Mother and child, Madhya Pradesh, India
Mother and child, Madhya Pradesh, India
Flickr, DFID

Researchers Discover Powerful Cure for Poverty and Inequality – Health

If you could only do one thing to reduce poverty and inequity around the world, say experts in global development, the best thing you could do is reduce the disproportionate burden of disease on those living in the poorest communities.

Improving health, according to a relatively new and perhaps still under-appreciated report written by a blue-ribbon panel, remains the most powerful tool for improving lives and reducing extreme poverty worldwide.

But it’s still a woefully underused tool that, as Humanosphere will report on tomorrow, is actually losing ground on the anti-poverty agenda even as the evidence of its import swells.

Dean Jamison
Dean Jamison

“We have an unprecedented opportunity, unlike any time before in human history, to significantly reduce the level of inequity in the world,” said Dean Jamison, a health policy expert at the University of Washington and, with Harvard University’s Lawrence Summers, one of the lead authors of the report, dubbed Global Health 2035.

“Even in the United States, the single largest cause of poverty is medical expenditures, usually due to some health crisis,” Jamison said. “Europeans have a hard time understanding this, because for the most part they don’t experience medical bankruptcies. But the connection between illness and poverty is also especially the case for the poor in developing and middle-income countries.”

Not everyone agrees, of course, that improving health should be at the top of the anti-poverty agenda.

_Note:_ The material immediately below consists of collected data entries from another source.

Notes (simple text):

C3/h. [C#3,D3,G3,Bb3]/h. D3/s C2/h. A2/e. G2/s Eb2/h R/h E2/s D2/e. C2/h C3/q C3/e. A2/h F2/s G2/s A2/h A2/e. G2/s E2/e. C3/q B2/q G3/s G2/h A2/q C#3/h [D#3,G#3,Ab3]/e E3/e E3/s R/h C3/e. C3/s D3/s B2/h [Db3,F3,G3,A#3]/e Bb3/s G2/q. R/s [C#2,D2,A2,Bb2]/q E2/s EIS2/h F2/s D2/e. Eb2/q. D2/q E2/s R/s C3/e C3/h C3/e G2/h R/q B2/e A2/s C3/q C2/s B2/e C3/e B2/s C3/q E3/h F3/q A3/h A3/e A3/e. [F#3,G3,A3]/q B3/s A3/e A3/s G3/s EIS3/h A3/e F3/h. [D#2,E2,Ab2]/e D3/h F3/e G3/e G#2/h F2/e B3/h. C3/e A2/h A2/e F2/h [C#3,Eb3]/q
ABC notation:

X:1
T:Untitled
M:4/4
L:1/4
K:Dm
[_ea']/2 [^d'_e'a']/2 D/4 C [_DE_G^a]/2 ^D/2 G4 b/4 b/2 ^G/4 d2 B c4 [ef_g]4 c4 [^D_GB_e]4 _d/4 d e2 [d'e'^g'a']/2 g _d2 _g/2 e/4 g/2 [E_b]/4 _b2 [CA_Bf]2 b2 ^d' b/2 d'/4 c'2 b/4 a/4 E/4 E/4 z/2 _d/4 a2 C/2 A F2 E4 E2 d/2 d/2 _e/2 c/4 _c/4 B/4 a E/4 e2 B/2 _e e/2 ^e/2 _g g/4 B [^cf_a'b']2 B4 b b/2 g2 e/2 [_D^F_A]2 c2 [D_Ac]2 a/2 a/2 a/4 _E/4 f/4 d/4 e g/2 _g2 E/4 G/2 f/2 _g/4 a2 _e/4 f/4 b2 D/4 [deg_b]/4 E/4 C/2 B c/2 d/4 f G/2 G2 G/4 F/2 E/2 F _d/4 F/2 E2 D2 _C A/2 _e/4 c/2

Some say improving governance, human rights or business development are more powerful means for fighting poverty. Some say we need less targeted efforts and an agenda that emphasizes sustainable development (whatever that means….). The aid and development community, it should be noted, argues about almost everything.

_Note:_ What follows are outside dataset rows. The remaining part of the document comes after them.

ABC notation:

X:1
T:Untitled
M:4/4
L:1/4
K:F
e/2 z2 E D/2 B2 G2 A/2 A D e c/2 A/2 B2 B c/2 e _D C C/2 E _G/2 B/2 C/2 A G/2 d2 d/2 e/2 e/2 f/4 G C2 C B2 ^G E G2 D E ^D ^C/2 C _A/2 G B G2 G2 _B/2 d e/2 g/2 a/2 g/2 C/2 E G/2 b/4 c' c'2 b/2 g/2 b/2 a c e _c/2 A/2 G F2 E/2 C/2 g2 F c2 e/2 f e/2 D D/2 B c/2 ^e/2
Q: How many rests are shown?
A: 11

Some of the most popular talking points these days among the anti-poverty expert class can seem a bit odd – pondering whether or not aid works (a question that, stated as such, seems absurd), if giving cash directly to poor people is a good thing (economists have discovered, through carefully conducted trials, that poor people do benefit from having more money … Duh.) and even about what the words ‘aid’ and ‘development’ actually mean.

It can all start to sound to a newcomer or outsider a bit like freshman philosophy class, in which the whole point is for your professor to make you question your assumptions, or your very existence … or if we all see the same thing when we see the color blue. That’s a good thing to do if the goal here is to demonstrate critical thinking or to try to get ‘outside the box’ and be innovative, but billions of people are suffering and dying today.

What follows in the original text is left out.